I was up with the Wildtrak group first, so the Raptor test had to wait, but we also went onto the Lahar beds on the way to the technical course. Driven by our expert guide, we were traversing the river at around 60kph, with me constantly thinking we’d get stuck at some point for sure. No such (bad) luck.
The technical course was designed to test the Wildtrak’s climbing and descending prowess over obstacles that you would probably complain about even if you’re on foot. After my car buddy’s run, I was up. The old Wildtrak already had a multitude of driver assist features such as Hill Descent and Camera Sensors. But the new one adds Hill Launch Assist, Autonomous Emergency Braking, and a Locking Rear Differential as standard.
What do all these specs mean? Basically, a Wildtrak with stock tires is capable of bringing you to places few other vehicles can, at least in the mass-market space. It tackled an almost two-meter high mound with 45-degree inclines like it was just an oversized hump in your subdivision. We also went through a part of the course that raised the back tires of the Wildtrak, and it remained stable and predictable throughout.
We want the monster
But I wasn’t about to kid myself about the real reason I was excited for this media drive—the Raptor. As if on cue, after we finished the technical course, it rained so hard that we had to wait a bit for it to subside so we could return to the starting area and change pickups.
On the way back, we came across an entire muffler sitting in the middle of the river.

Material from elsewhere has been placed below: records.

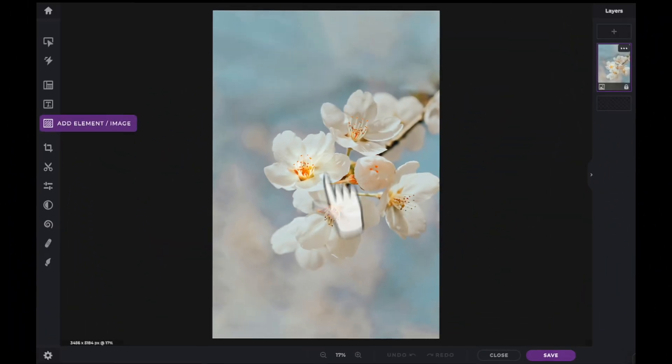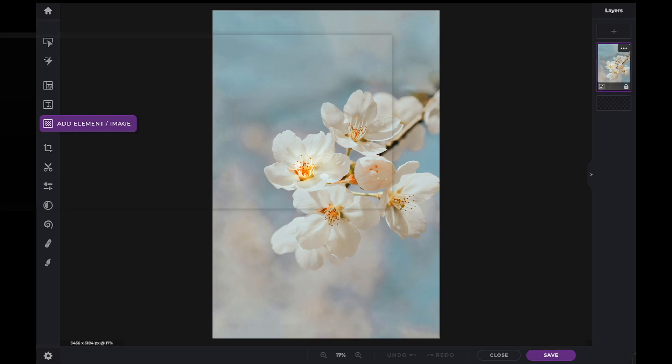In this Pixlr Snippets tutorial, we're going to learn how to add our own media within PixlrX.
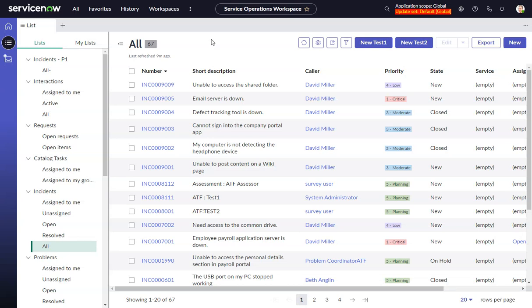This video will look at hiding the new button, or any button actually, in Service Operations Workspace or any Configurable Workspace.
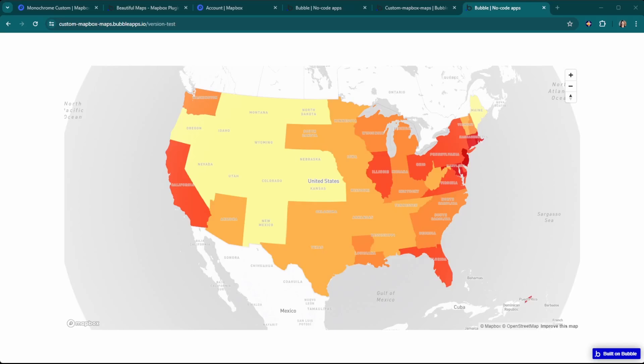In this video, we're going to be creating incredible custom maps that you can use in your Bubble app. We're going to be using Mapbox to do this.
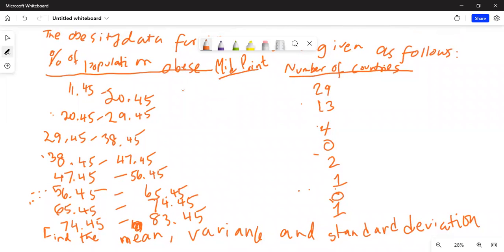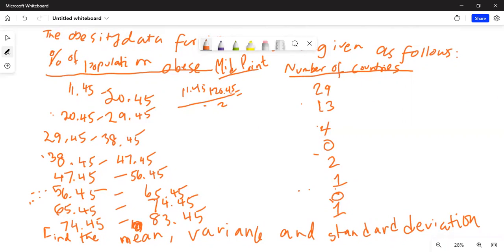The first midpoint is calculated as 11.45 plus 20.45 divided by 2. Using a calculator: 11.45 plus 20.45 divided by 2 equals 15.95. So the midpoint of the first class is 15.95.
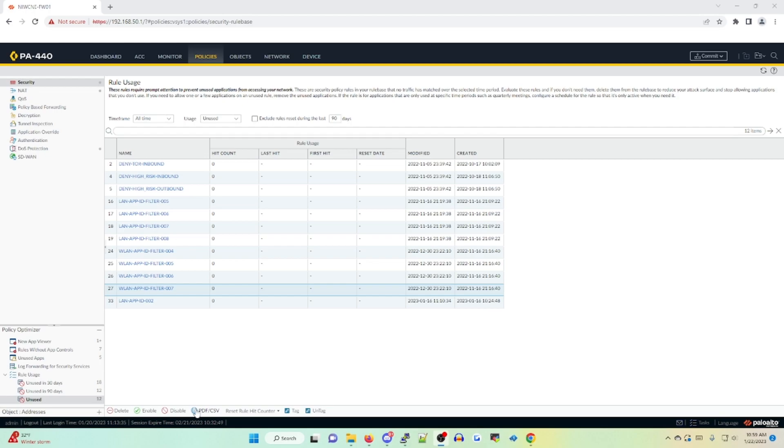In our case, I will be disabling a policy and then annotating why it was disabled in the description. So I can have a reference point to look back on when I'm ready to delete it. So in this case, WLAN app ID filters 007 is going to be our policy that we're going to disable.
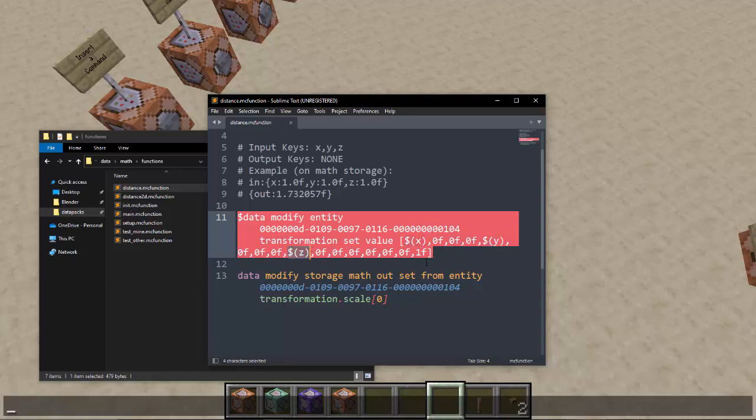And the result of scale transform of 0 that happens after you apply this will be your square root or your distance calculation or the sum of the squares square rooted.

We thought it was probably an old one from a truck, but, it turns out, it was actually from one of the two Raptors. Bummer, I thought. With one Raptor decommissioned and the river filling up with water, I assumed not all of us would get to finish the activity.

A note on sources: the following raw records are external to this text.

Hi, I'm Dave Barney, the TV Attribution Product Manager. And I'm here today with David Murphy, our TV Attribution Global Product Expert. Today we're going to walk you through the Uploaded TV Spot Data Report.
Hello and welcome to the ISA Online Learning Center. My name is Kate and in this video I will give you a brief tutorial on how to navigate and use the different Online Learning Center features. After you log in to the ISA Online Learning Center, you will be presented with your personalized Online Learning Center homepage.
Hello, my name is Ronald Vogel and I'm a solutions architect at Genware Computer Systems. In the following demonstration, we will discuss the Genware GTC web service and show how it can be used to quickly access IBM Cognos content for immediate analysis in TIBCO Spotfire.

But the Raptor apparently isn’t easily fazed, not even by a missing exhaust system. So, I got behind the wheel, put on my helmet (it was a necessary precaution) and cautiously drove down onto the lahar beds again.
With the rain pouring hard and water gushing all over, the Raptor surprisingly made me feel at ease. The missing exhaust pipe certainly affected the pull and power of the vehicle, but we still plowed through the river like the Raptor was born to be there.

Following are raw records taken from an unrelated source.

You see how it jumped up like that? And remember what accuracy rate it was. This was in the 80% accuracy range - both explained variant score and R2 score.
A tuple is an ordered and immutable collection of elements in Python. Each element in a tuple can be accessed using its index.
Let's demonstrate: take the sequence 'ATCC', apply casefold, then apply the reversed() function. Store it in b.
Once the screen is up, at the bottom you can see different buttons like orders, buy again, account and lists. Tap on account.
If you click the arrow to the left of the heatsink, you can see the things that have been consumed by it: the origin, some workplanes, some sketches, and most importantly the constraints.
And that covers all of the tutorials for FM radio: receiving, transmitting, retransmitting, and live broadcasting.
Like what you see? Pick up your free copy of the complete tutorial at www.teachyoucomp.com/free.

We were cruising at 80kph and had to slow down at times only to let splashes of water on the windshield reside. Rocks, sand, plants, and everything in our path was gobbled up by the Raptor. We didn’t hit 140kph, but how many vehicles can get you through such an environment at 80kph without an exhaust pipe? Talk about being built tough.
Still the one to beat
After off-roading, we had a hearty lunch in Clark and headed off to Nueva Ecija, where we stayed at the gorgeous Highland Bali Villas. On the way there, my team switched over to the other Raptor and we had a great time overtaking everyone and everything in our path. The power delivery is sudden and linear. It’s like being in a capable roadster, only you’re taller than everything else, save for actual trucks.
At the end of the day, I can rundown all the specs of the new Ranger lineup and bore you with the details, but nothing beats real-world experience and the new Rangers, especially the Wildtrak and Raptor variants, certainly gives you that go-anywhere feeling. The amount of driver-assist technologies and electronics is insane, though only time will tell if they would hold up given the type of environments you’d be tempted to bring the Ranger in.
Probably the only downside of driving a Ranger (and the Raptor, especially) is it won’t be too easy to maneuver something so huge in city streets. But if you crave maximum on-road presence, there’s nothing quite like it. And when it comes to pure performance, the Rangers are well worth their great reputation. After all these years, the badge is still at the top of the food chain.